POSTED ON 27/12/2014

A broader palette of wine styles allied to better quality is excellent news for consumers as we peer into the 2015 void. Wines once considered exotic such as albariño, grüner veltliner, picpoul de pinet and grechetto are now a supermarket own-brand must. Every supermarket worth its salt now has its own Aussie chardonnay, Marlborough sauvignon, Cape pinotage, Chilean merlot and Argentinian malbec. And since Eastern Europe was left out in the cold two decades ago, the wheel is turning full circle with Hungary, Romania and Croatia making a comeback and the wines of Turkey, Lebanon and Israel moving into the frame.

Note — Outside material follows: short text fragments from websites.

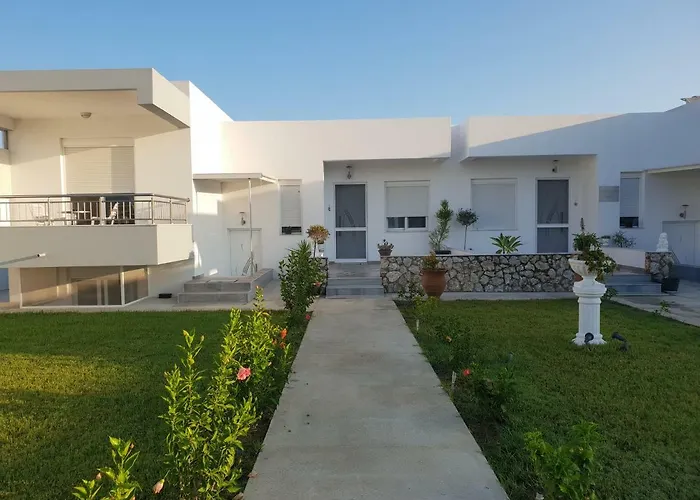 Hestia Casa de Férias Ziparion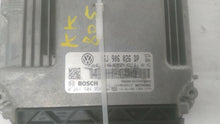 Load image into Gallery viewer, ECU ECM COMPUTER Volkswagen Tiguan 2009 09 2010 10 - MM1934373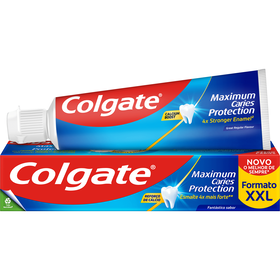 Pasta De Dentes Maximum Caries Protection Colgate 100 ml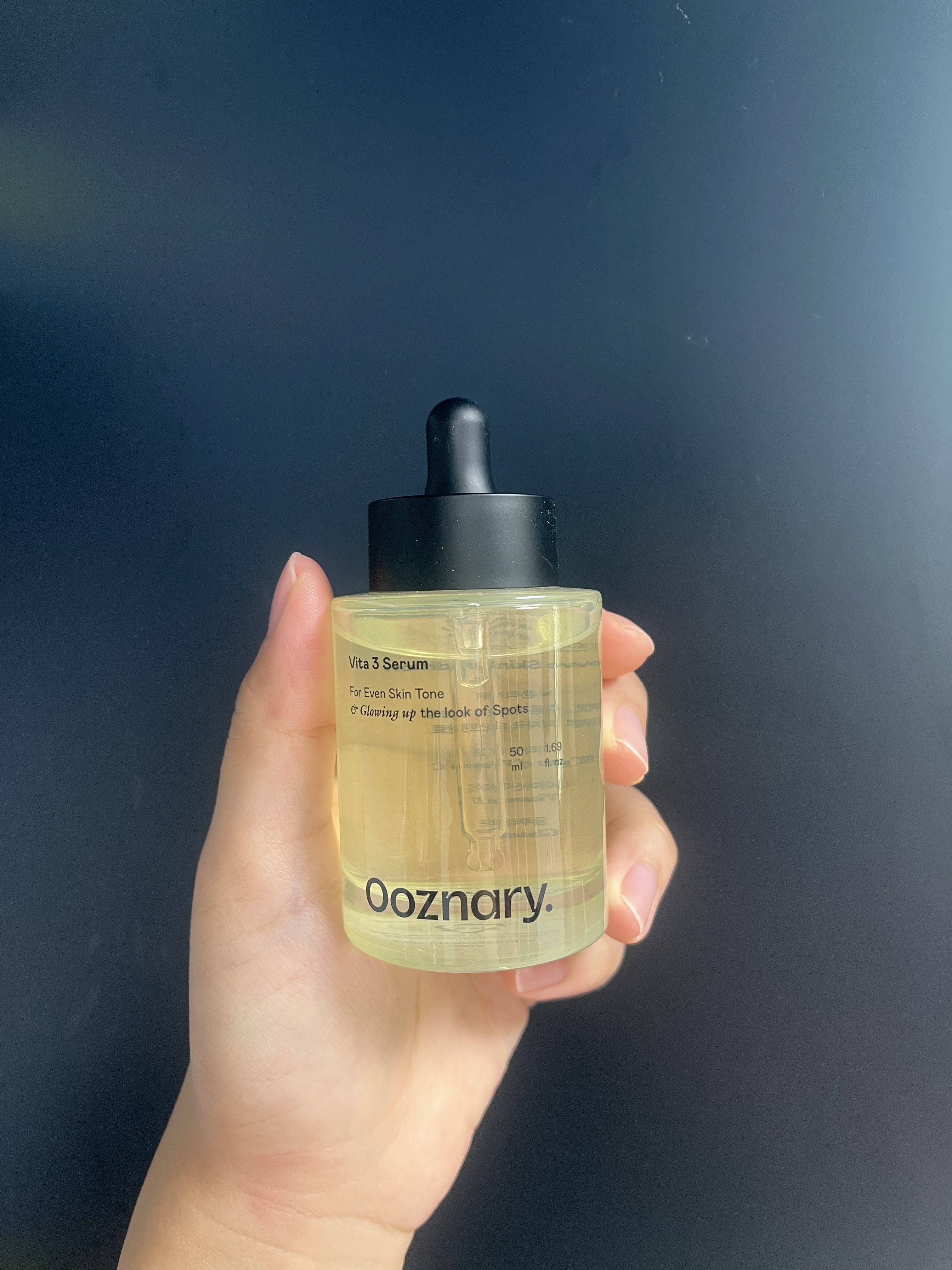 ビタ3セラム/オーズナリー/美容液を使ったクチコミ（1枚目）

My crystal ball may be hazy, but I predict a strong showing in 2015 for southern Italy and the extraordinary wines of Etna. South Africa is on a high with the rise of Swartland and white blends add a double string to the Cape’s bow. Portuguese dry whites will grow in popularity too this year as we discover how delicious they can be. After shiraz, cabernet and chardonnay, Aussie pinot noir is the next new shiny bright thing to emerge from down under with both the 2012 and 2013 vintages on song for the burgundian variety. When we think of malbec, we summon up Argentina, but spare a thought for the unrecognisably tasty malbecs emerging from of its homeland of Cahors. Nouveau may be out of favour, but real beaujolais is deservedly gaining ground.

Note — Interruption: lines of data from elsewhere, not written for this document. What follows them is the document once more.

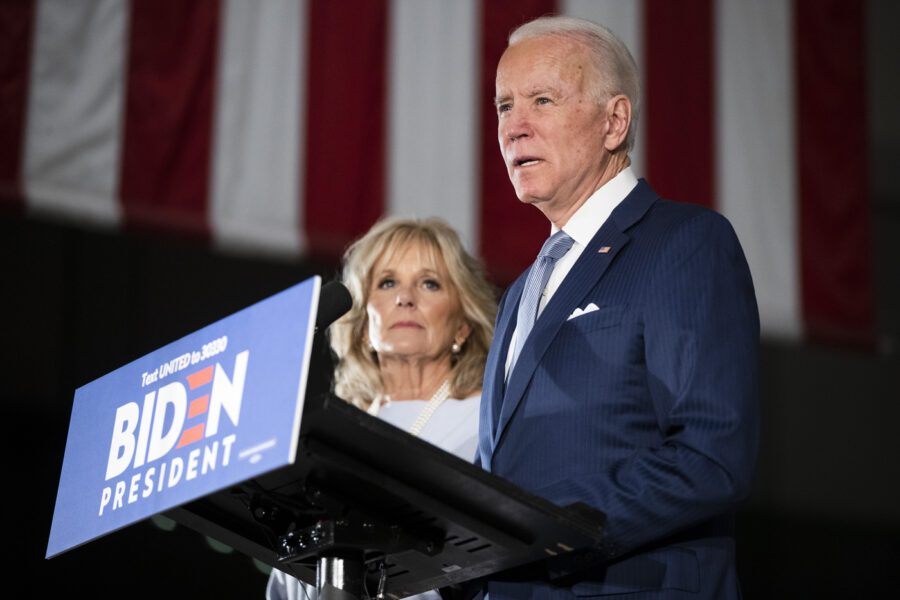 Primarie Usa, Biden vince in 4 Stati e ipoteca la nomination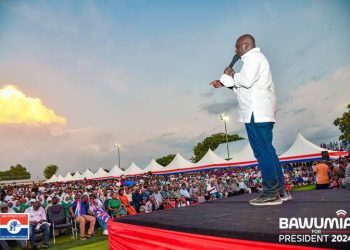 “I will be more accountable to Ghanaians” -Dr. Bawumia.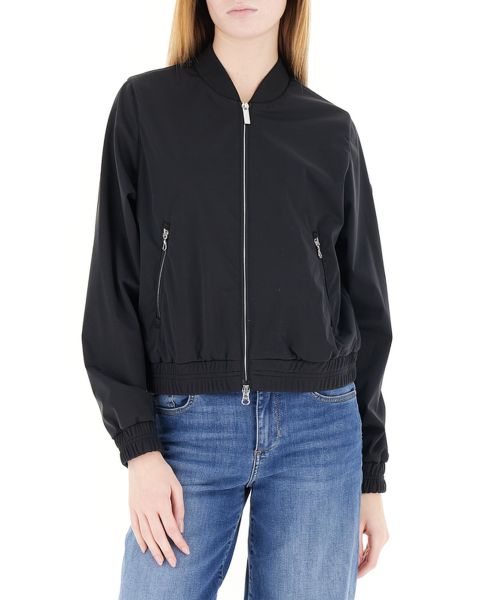 Giubbino con zip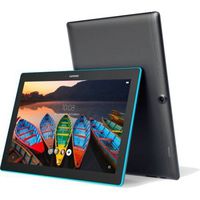 Newest Lenovo Tab 10 Tablet PC, 10.1in HD Touchscreen, Qualcomm Quad-core Processor 1.30GHz, 1GB Memory, 16GB Storage, Wifi(Renewed)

Dry riesling, dry German especially, is one of my wine favourites so there’s an element of he-would-say-that in suggesting it’s set to make a bigger splash this year. Speaking of wishful thinking, the noise around sherry hasn’t yet translated into industry joy, but the tapas bar buzz is helping to get the appetising message of fino and manzanilla across. Not everything that sparkles is champagne, and while prosecco continues its off-dry climb, for drier and more stylish fizz, there’s a fad for Franciacorta right now. English fizz too is benefiting from the trend towards drinking sparkling wine as a proper wine and not just as a special occasion drink.

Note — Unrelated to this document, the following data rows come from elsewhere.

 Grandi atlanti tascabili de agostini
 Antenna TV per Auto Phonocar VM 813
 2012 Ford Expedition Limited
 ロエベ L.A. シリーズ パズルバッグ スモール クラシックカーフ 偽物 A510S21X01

Back in the realm of the classics, Bordeaux, once the only fine wine horse in town, has lost the wow factor after three average vintages 2011 – 2013 that weren’t pitched cheaply enough to arouse any great interest. It could come good in 2015 but all depends on the willingess of the ‘never knowingly oversold’ Bordelais to be reasonable. Don’t hold your breath. With Bordeaux in the doldrums, Burgundy is the hot fine wine ticket, assisted by good recent vintages and the outsmarting of Bordeaux with niche production and a grower-oriented, small-is-beautiful image. If the 2013 vintage about to come onto the market is good and not stupidly priced, I aim to report on Burgundy’s best values.

Something for The WeekendSomething for The Weekend

Night In

2013 The Exquisite Collection Limoux Chardonnay

Aldi should feature regularly on the shopping route this year with wines like this refreshingly juicy, Atlantic-influenced chardonnay with its undertones of toasty burgundian oak and appetisingly rich, buttery flavours that finish on a cleansing, citrusy note. £6.99, Aldi.

Dinner Party

2012 Harvey Nichols Beaujolais-Villages

This is utterly seductive B-V, the gamay grape seemingly matured in oak to add aromatic richness and weight to the moreishly gulpable red berry fruit, which finishes with the refreshing flourish needed to wash down pasta and roasts. £12.50, Harvey Nichols.

Splash Out

2013 Ten Minutes by Tractor Pinot Noir

Vibrant and fragrant, this is a silkily succulent, juicily strawberryish, voluptuously savoury Aussie pinot noir from Victoria’s Mornington Peninsula. Should be sipped, if possible. Around £25.95 - £29.95, The Wine Library, The Wine Tasting Shop, Oxford Wine Co.